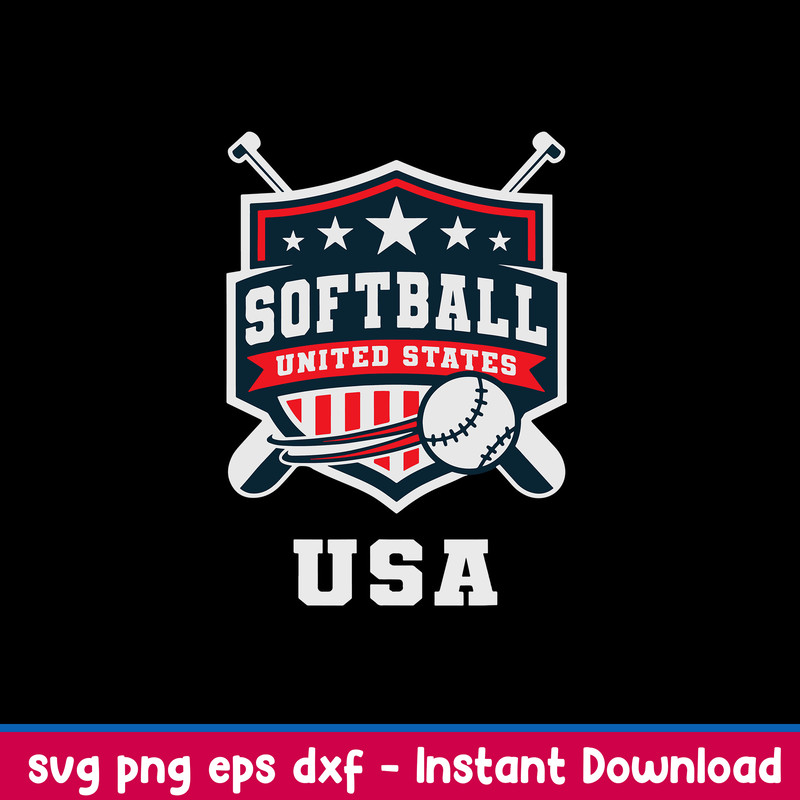 Softball Usa Support The Team Svg, Softball Svg, Png Dxf Eps File.jpeg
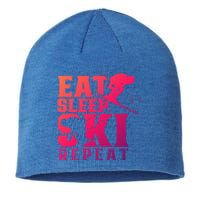 Eat Sleep Ski Repeat Skier Sayings Skiing Slopes Gift Sustainable Beanie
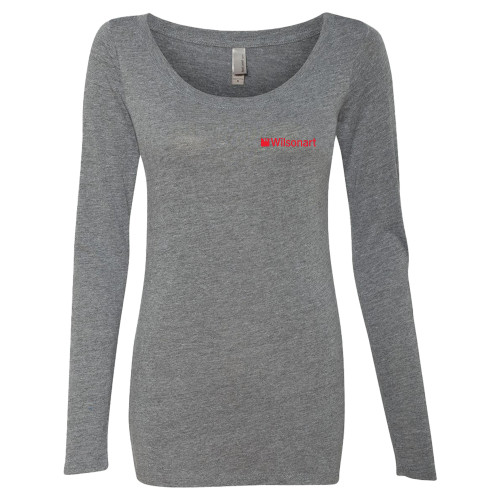 Next Level Womens Heather Grey Triblend Long Sleeve Scoop Tee-Wilsonart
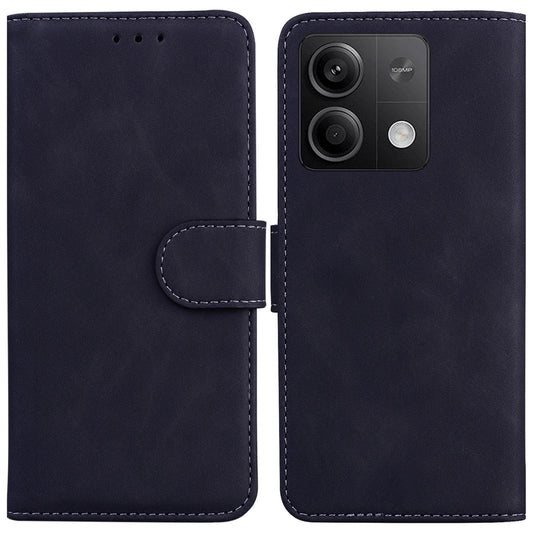For Xiaomi Redmi Note 13 5G / Note 13 5G (China) Leather Case Solid Color Wallet Flip Cover - Black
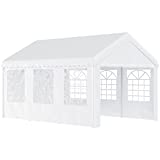 Carpa de Jardín Cochera Gazebo 6x4m Pergola Cenador Pabellón 4 Paneles Laterales 6 Ventanas para Fiesta Eventos Bodas Acero PE Blanco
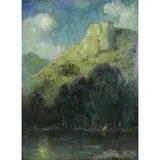 Joseph H. Boston, Hillside Lake Landscape, Oil on Canvas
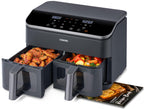 Dual air fryer 9QT 10 in 1 with sync cook and finish max 450F dual zone large capacity family size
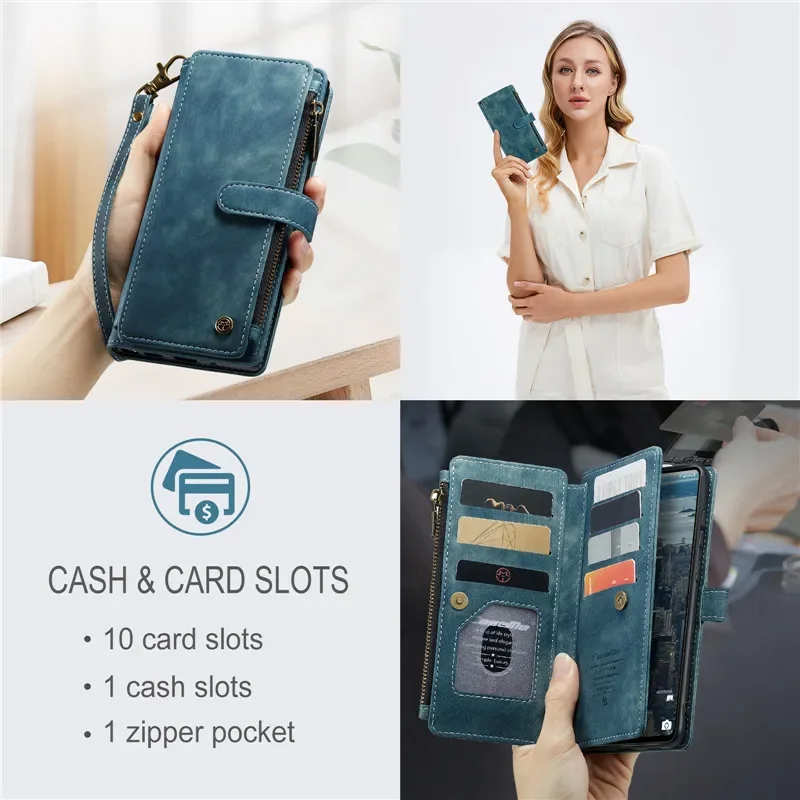 Premium Business Flip Leather Zipper Wallet Case and Card Holder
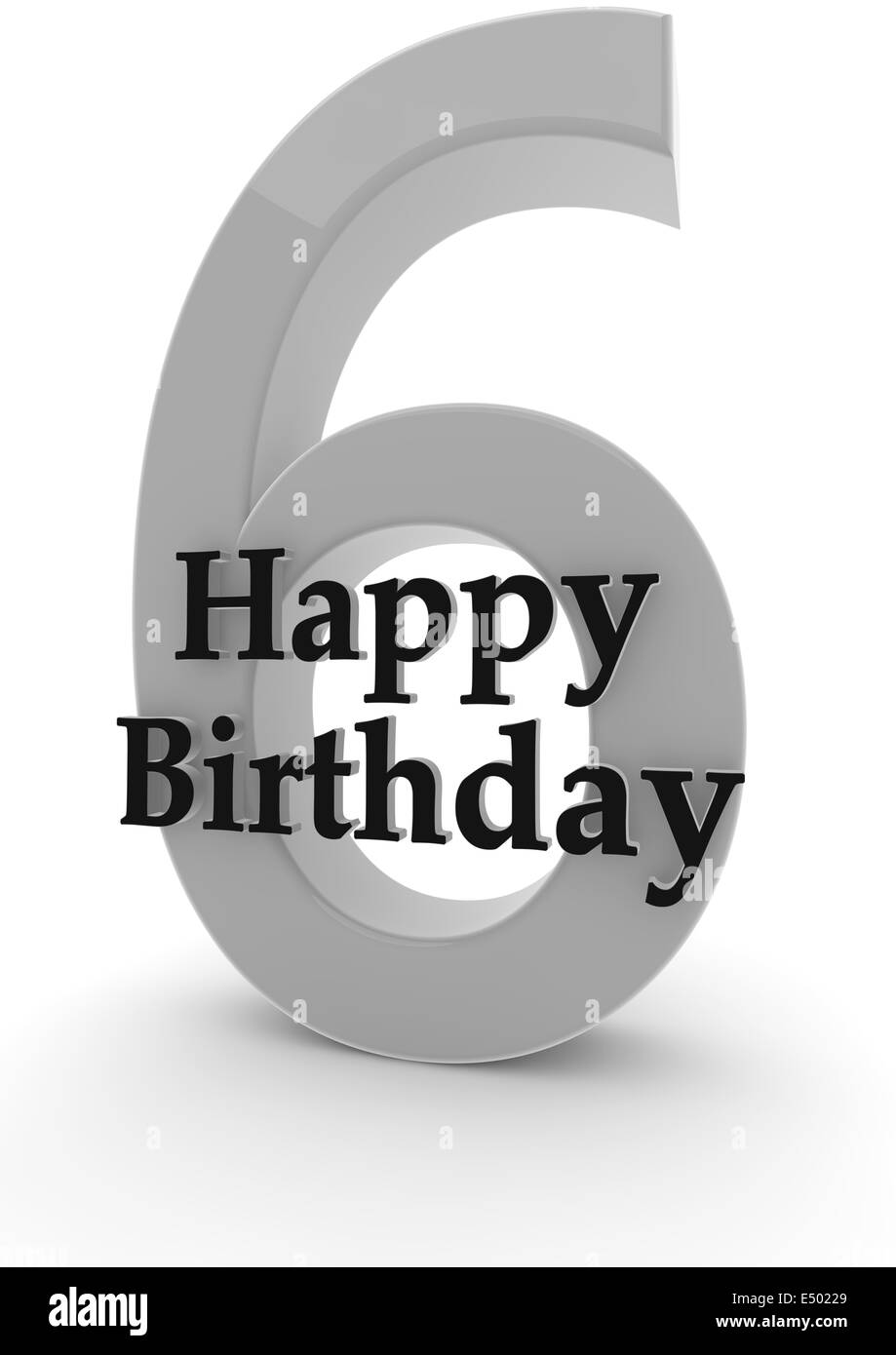 Happy Birthday for 6th birthday Stock Photo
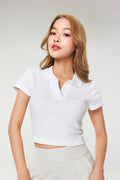 Polo Crop Waffle_White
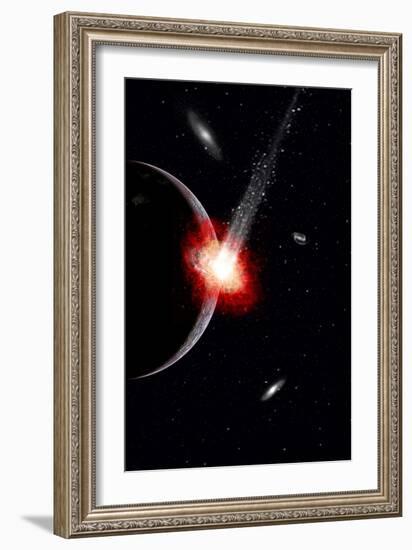 A Comet Hitting an Alien Planet-null-Framed Art Print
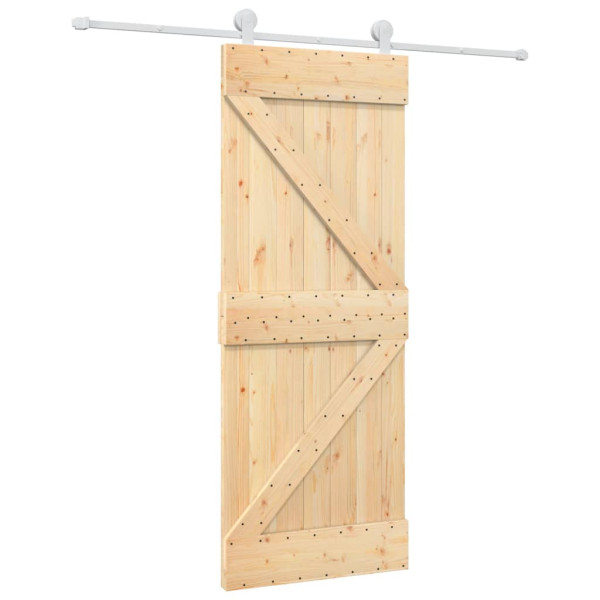 Puerta corredera con herrajes madera maciza de pino 80x210 cm M 2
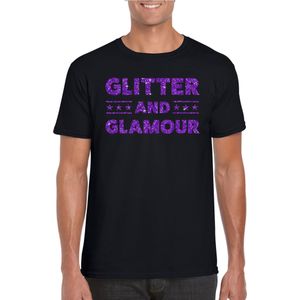 Toppers Zwart Glitter and Glamour t-shirt met paarse glitter letters heren - VIP/glamour kleding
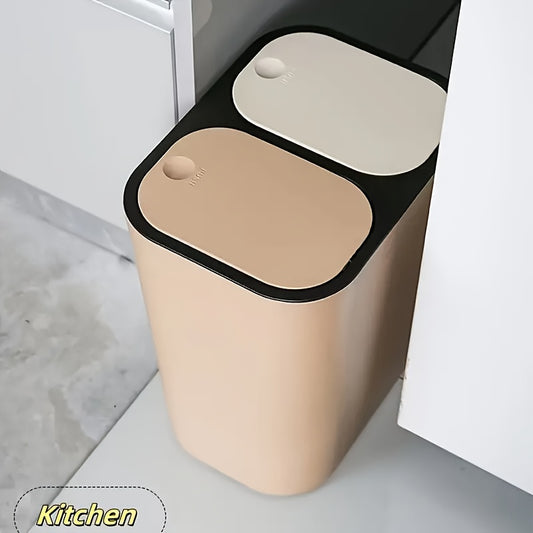 2-Compartment Rectangular Trash Can with Pop-Up Lid, Dry\u002FWet Separation, Quiet Close, Space-Saving Design for Home, Bedroom, Living Room, Kitchen, Bathroom - Durable Plastic, No Electricity Needed, Trash Can for Bathroom, In Home Recycling Bins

_Directions for this task_
In the listing above, find the line containing "Premium Business Flip" and the line containing "Toppers Zwart Glitter", then return both of them and every line between, exactly, without pictures.

_Your response_
 Premium Business Flip Leather Zipper Wallet Case and Card Holder
 Happy Birthday for 6th birthday Stock Photo
 Polo Crop Waffle_White
 A Comet Hitting an Alien Planet-null-Framed Art Print
 Puerta corredera con herrajes madera maciza de pino 80x210 cm M 2
 Toppers Zwart Glitter and Glamour t-shirt met paarse glitter letters heren - VIP/glamour kleding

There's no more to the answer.